Congressman Lee Zeldin voted yes on the American Health Care Act (H.R. 1628), which passed the House of Representatives on May 4. The bill would repeal and replace the Affordable Care Act, also known as Obamacare.
After this vote, Mr. Zeldin released the following statement:
“Over the past several years, I have heard from many constituents who have shared their thoughts and ideas on how to improve healthcare in America. Their perspectives span across the ideological spectrum and vary greatly. I sincerely appreciate each and every person who has taken the time to express their opinions on this very important topic.

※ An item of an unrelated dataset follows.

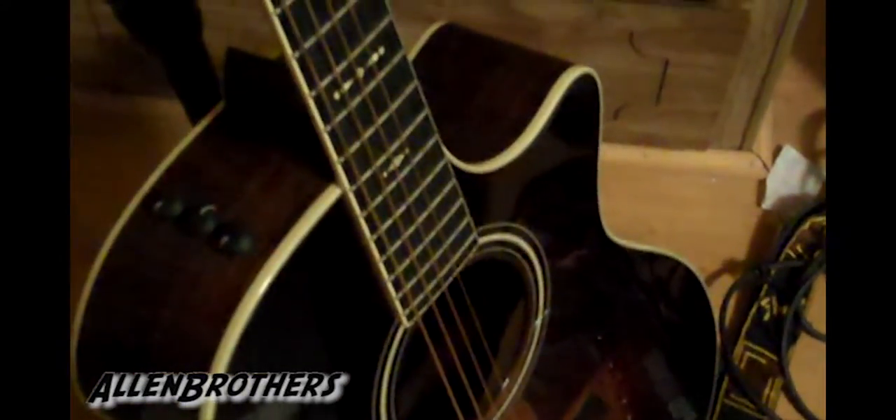Hey guys, Allen Brothers here with you on another guitar tip. Today we're going to be looking at a remarkable invention: the pick holder. Just on the back of the head, what it allows you to do is just slip in tons of picks and continue to fill it up. Just push them all the way back there. Great little gadget.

Almost everyone agrees that our current system is deeply flawed. For example, just yesterday, Iowa’s last major insurer through the ACA, Medica, threatened to remove itself unless something is done to stabilize the markets. Imagine no option at all for an entire state? None! There are too many other examples of how this law is deeply flawed. We all agree healthcare must be improved and that doing nothing is not an option. We are the greatest country in the world and we can and must do better for all citizens.
One of my top priorities in Congress has been to improve healthcare in America. I have always supported the repeal and replace of Obamacare and a smooth transition to a better reality that will improve affordability, access, quality of care and options, while continuing to cover Americans with pre-existing conditions and allowing children to stay on their parent’s policy.

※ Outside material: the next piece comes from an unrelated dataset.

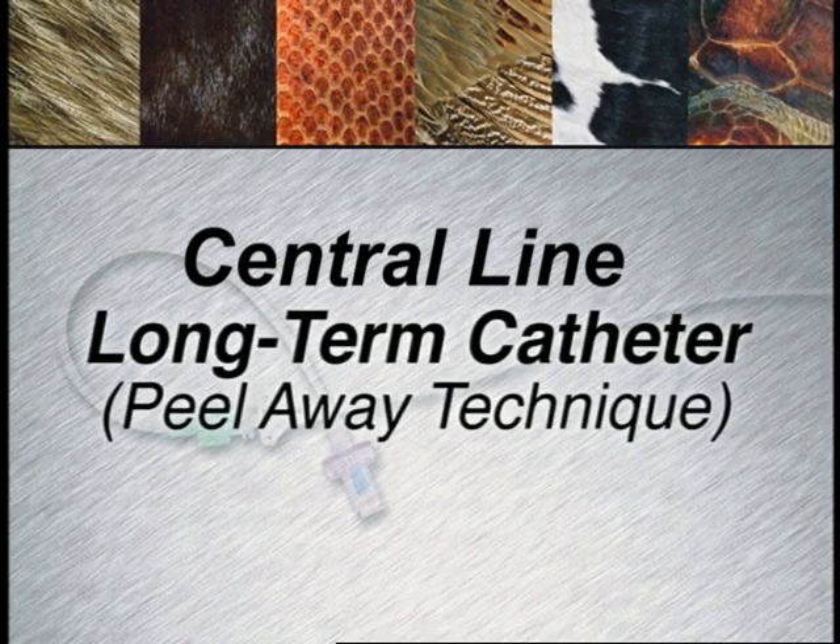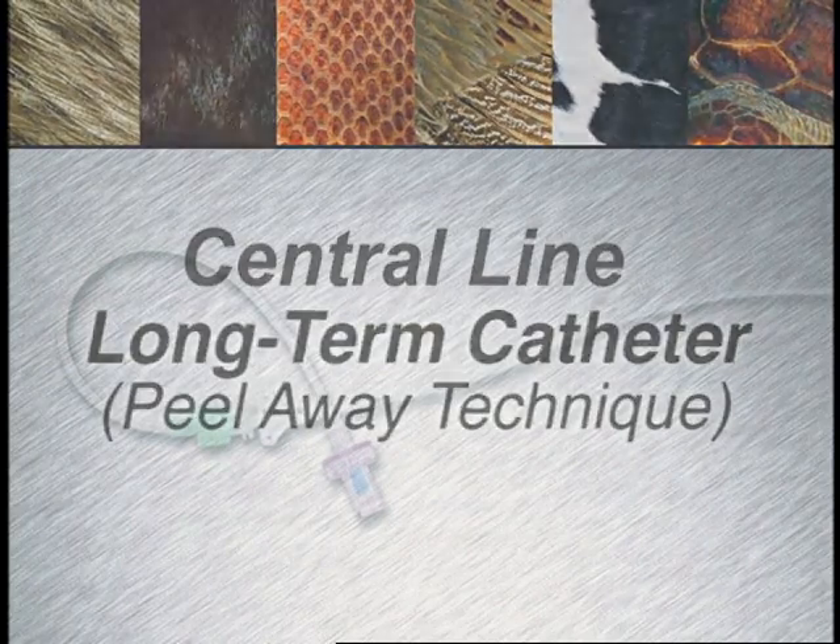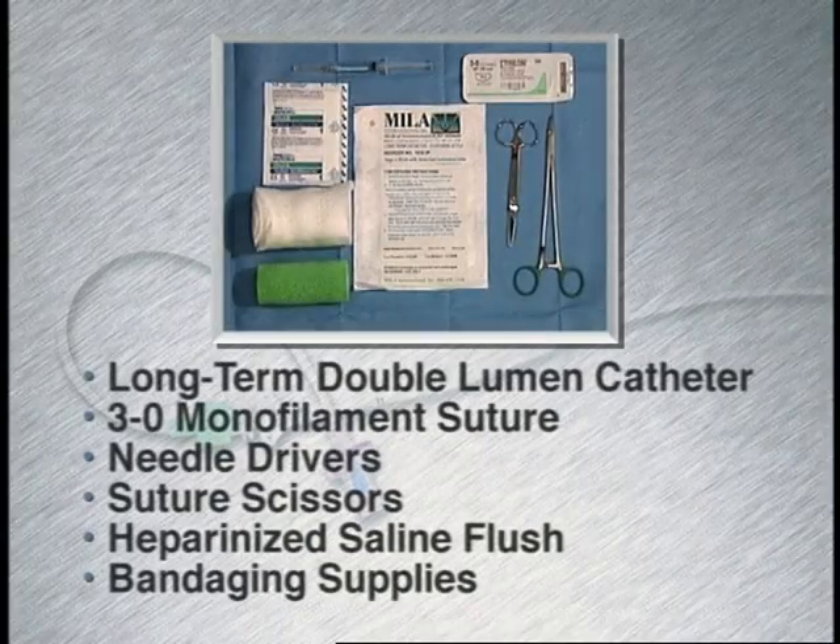This technique will discuss placement of a long-term catheter using a peel-away technique. The following supplies will be needed.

The American Health Care Act provides relief from billions of dollars of crushing taxes and mandates enacted under the ACA. Additionally, the bill repeals the individual and employer mandates, taxes on prescription and over the counter medications, health insurance premiums and medical devices.
This bill would help Americans access healthcare in ways they previously could not, by increasing competition in the marketplace and offering plans that will be tailored to individual needs. The bill provides flexible options for coverage, such as increased access to health savings accounts, which would allow individuals to set aside pre-tax dollars to help cover health care costs. The bill also creates a Patient and State Stability Fund, endowed with billions of dollars, to increase access to necessary services and to help keep costs down. I am also strongly supportive of the Collins-Faso Amendment, also known as the Property Tax Reduction Act, the single greatest act of fiscal relief ever provided to the County of Suffolk and its taxpayers. Shifting the local share of Medicaid costs to the state, this amendment was included in the legislation that passed the House today. There are also many other very positive aspects of this bill.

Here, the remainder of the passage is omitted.